I don’t know exactly what sort of invalid separators most HTTP libraries accept, and I’m neither smart enough, nor willing enough to test and find out, so I’ll just have to pick on Simon: his PHP HTTP Client Class, which I’ve happily used before, treats the first line where trim($line) == ” as the end of the headers. Long lines in headers may be continued on the next line, by starting the line with whitespace, tabs or spaces. A line of \t … \r\n is just the end of the line before, and thus \t\r\n is a valid, if silly, continuation of the previous header line. Are there servers that do that, intending it as a header? Dunno. Are there servers that do it, or \s\r\n, or \s\n, intending it as the end of the headers? Dunno. I know that the one and only thing that should be allowed to signal the end of the headers is \r\n with nothing coming before it on that line, because anything else has a different meaning, and I know that you can’t implement the spec as written, because nobody else does.

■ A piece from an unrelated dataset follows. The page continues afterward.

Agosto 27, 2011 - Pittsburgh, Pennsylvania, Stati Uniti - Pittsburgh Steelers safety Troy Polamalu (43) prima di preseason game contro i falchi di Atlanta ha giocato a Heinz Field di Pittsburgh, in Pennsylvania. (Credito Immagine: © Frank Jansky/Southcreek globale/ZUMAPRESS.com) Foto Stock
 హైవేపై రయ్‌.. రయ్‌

Sheesh. Sure didn’t take me long to mistake a train wreck for a lighthouse, did it? Welcome back, me.
Absolutely. Welcome back, Phil.
I had the same Snoopy problem with a BlogSnob bot. So I patched Snoopy to accept Lf as a valid end-of-header.
Assuming that this page will quickly be a top Google result for people looking for answers to this particular Snoopy problem, here’s the fix:
In the _httprequest function, change the line
if($currentHeader == ”rn”)
break;
to read…
if($currentHeader == ”rn” or $currentHeader == ”n”)
break;
Oh, I hope not. I did my best with the title ;)
I certainly won’t ever title a post anything like ”HTTP Error 500” ever again, anyway.
LOL.
Welcome back, Magpie.
But you will get people coming here who want to try and understand Liberals.
Myself, I don’t try and parse them. I just smile and nod while slowly backing away.
Adam do you have a sense of how many hosts you ran into which had this problem? I had never seen it before, but then I don’t do large crawls with Magpie. (some people do, just not me)
Thanks.
Hard to say since my reporting isn’t as good as it could be. I really would only know if someone had their account shut down by the bot and complained. I received one complaint that was attrbutable to this. They were running a Web server that I’d never heard of. And I’ve heard of a LOT (I used to teach a class in Web servers at the local university).
My guess is that most hosts are running more common Web servers that are actually written well. If I were the guy running that server, I’d switch quickly. If the server doesn’t handle that simple part of the HTTP spec correctly, what else is it doing wrong?
Odd. That host with the problem RSS is running IIS 5. I think IIS 5 handles headers correctly. My bet is that he’s generating the headers programatically instead of letting IIS create them.
I’d switch, too. ”Server:|s|Microsoft-IIS/5.0|r||n|”? Ouch.
But, since the HTTP version, Server, and Date headers have proper line endings, I’d guess that the server is only at fault in allowing some app that’s setting custom headers to do it wrong. Maybe.